Opinion
Argued August 27, 1996
Decided August 28, 1996
Appeal from the Appellate Division of the Supreme Court in the First Judicial Department, John P. Collins, J.
Martin E. Connor, Brooklyn, and Gary Sinawski, New York City, for appellant in the first above-entitled proceeding.
Joel B. Mayer, New York City, for respondents in the first above-entitled proceeding.
Thomas J. Spargo, East Berne, and Gary Sinawski, New York City, for appellants in the second above-entitled proceeding.
Dublirer, Haydon, Straci Victor, New York City (Paul A. Victor and Richard E. Oquendo of counsel), for respondents in the second above-entitled proceeding.
MEMORANDUM.
The order of the Appellate Division in each proceeding should be affirmed, without costs.
Each appellant submitted a designating petition, one as a candidate for State Senator of the 32nd Senatorial District, the second as a candidate for State Assembly Member in the 75th Assembly District, for the Democratic Party primary to be held on September 10, 1996. The designating petition for each candidate also contained the names of other candidates for other State elective offices. Respondents filed separate proceedings seeking to invalidate the respective designating petition for each appellant.
Supreme Court rejected the invalidation efforts. The Appellate Division reversed and invalidated on permeation of fraud grounds and we granted leave to appeal. Appellants contend that these proceedings should be dismissed for failure to join as necessary parties all of the other candidates listed in the designating petitions.
Election Law § 6-134 (3) provides, "All sheets designating the same candidate for nomination for the same public office or party position, when bound together as provided herein, and offered for filing, shall be deemed to constitute one petition for such candidate." ( See also, Matter of Pecoraro v Mahoney, 65 N.Y.2d 1026, 1027 ["Although the statute permits petitions of several candidates to be joined, each candidate's petition is a petition for a separate office"].)
Since under the circumstances presented here, we treat the designating petitions as unique to each candidate for a particular public office or party position, no other additional parties were necessary to these proceedings challenging the sufficiency of the designating petitions for the appellants (CPLR 1001). Consequently, the courts may consider the merits of respondents' claims.
Matter of Richardson v Luizzo ( 64 A.D.2d 944, affd 45 N.Y.2d 789) is not to the contrary. There, the designating petition, which listed persons who had not consented to be candidates for various elective positions, was invalidated as a fraud on the enrolled voters of the Republican Party because the document erroneously suggested that the various candidates listed together intended to run together. Unlike the present cases, the sufficiency of a designating petition for any other particular candidate was not at issue.

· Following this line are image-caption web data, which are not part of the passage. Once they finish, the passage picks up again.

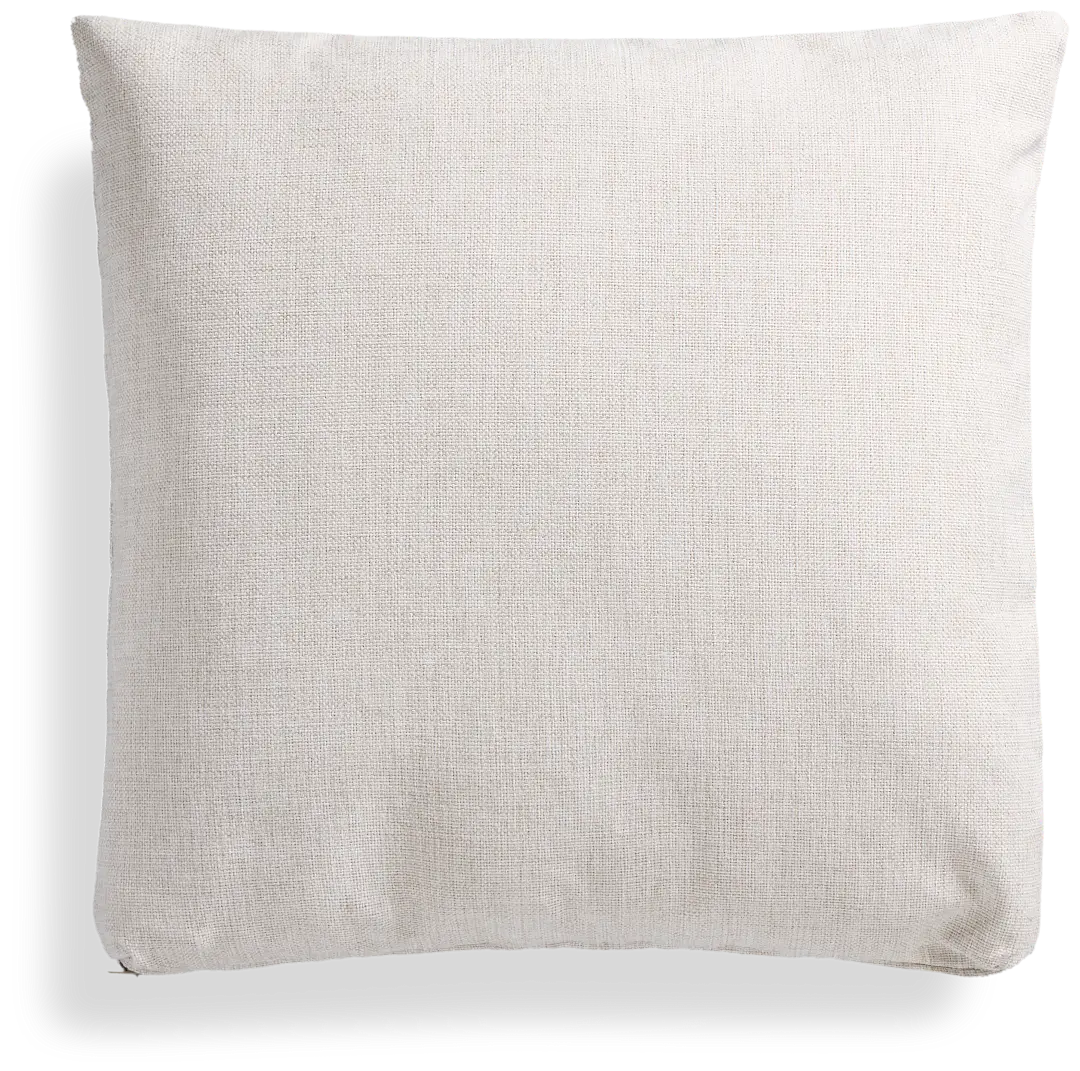 Brantley Light Beige Fabric 20" Accent Pillow Brantley Light Beige Fabric 20" Accent Pillow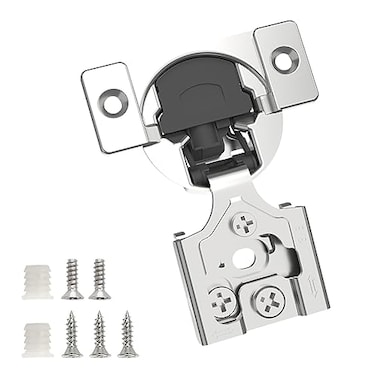Chibery 2 Pack 38 Overlay 3D Soft Close Concealed Hinge for Face Frame Door Smooth Slow Self Closing Hinges Satin Nickel Hidden 105 Open Angle Stainless Steel Hinge for Kitchen Cabinet Door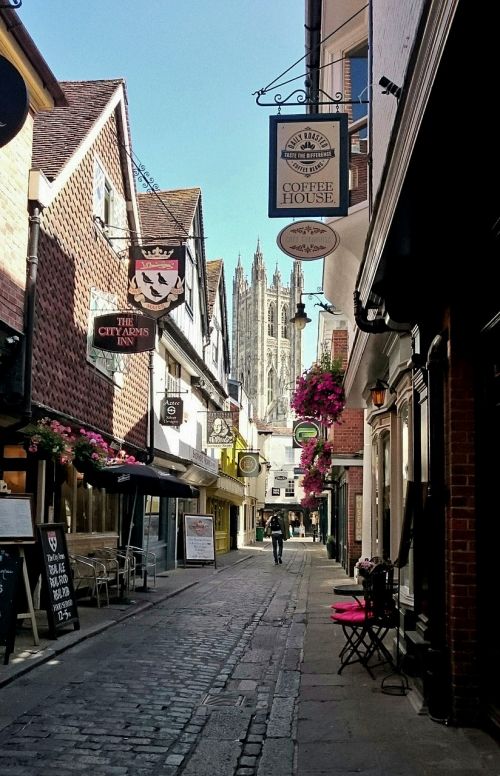 Gatvė, Parduotuvės, Canterbury, Katedra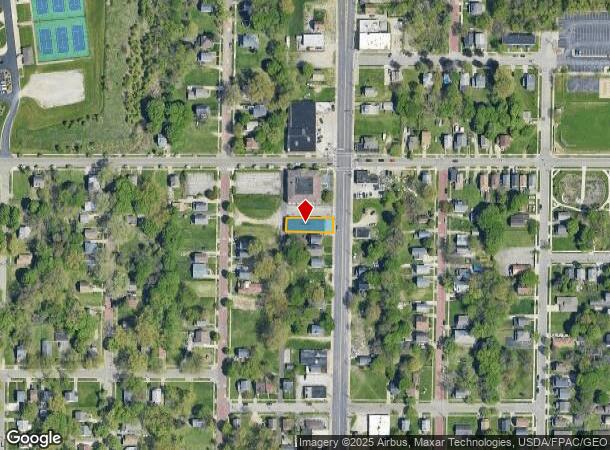  418 S Arlington St, Akron, OH Parcel Map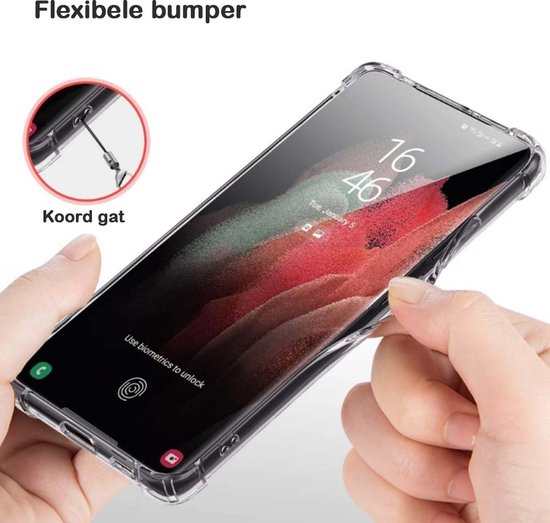 Coque en siliconen hoesje TPU antichoc transparente Smartphonica Samsung Galaxy A52 avec pare-chocs / coque arrière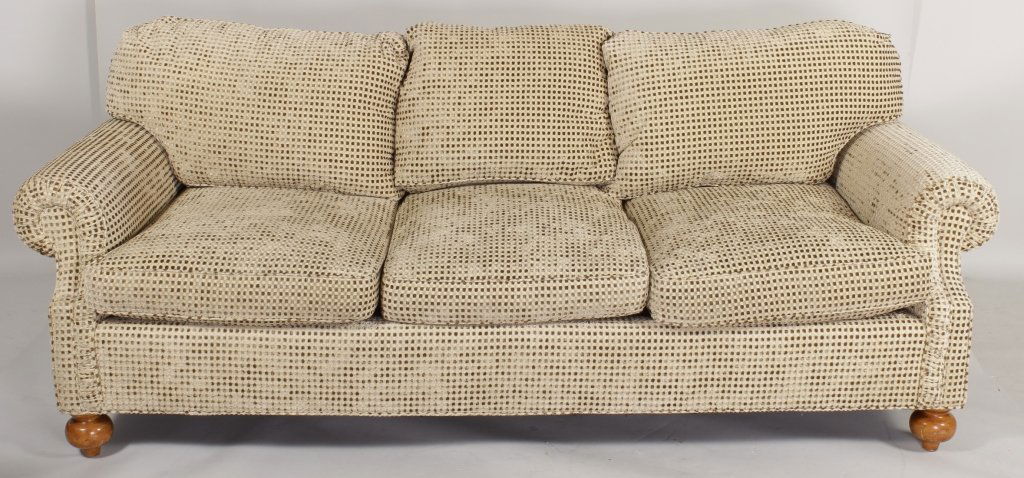 Contemporary Rolled-Arm Sofa, upholstered (1 of 5)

Appellants also contend that the Appellate Division erroneously reversed Supreme Court's finding that the designating petitions were not permeated by fraud. Appellants argue that since the Appellate Division lacked a trial transcript, it lacked a record basis for reversing Supreme Court's factual finding. The record before the Appellate Division included the Referee's report which contained an extensive recitation of the testimony before the Referee and the relevant findings of fact, which Supreme Court adopted without additional fact finding. Consequently, the Appellate Division had a sufficient basis on the record here to exercise its factual review powers. Since the inferences drawn by the Appellate Division are supported by the record, it cannot be said, as a matter of law, that the Appellate Division erred in finding that the challenged designating petitions were permeated with fraud and that they should be invalidated.
Chief Judge KAYE and Judges SIMONS, TITONE, BELLACOSA, SMITH, LEVINE and CIPARICK concur.
In each case: Order affirmed, without costs, in a memorandum.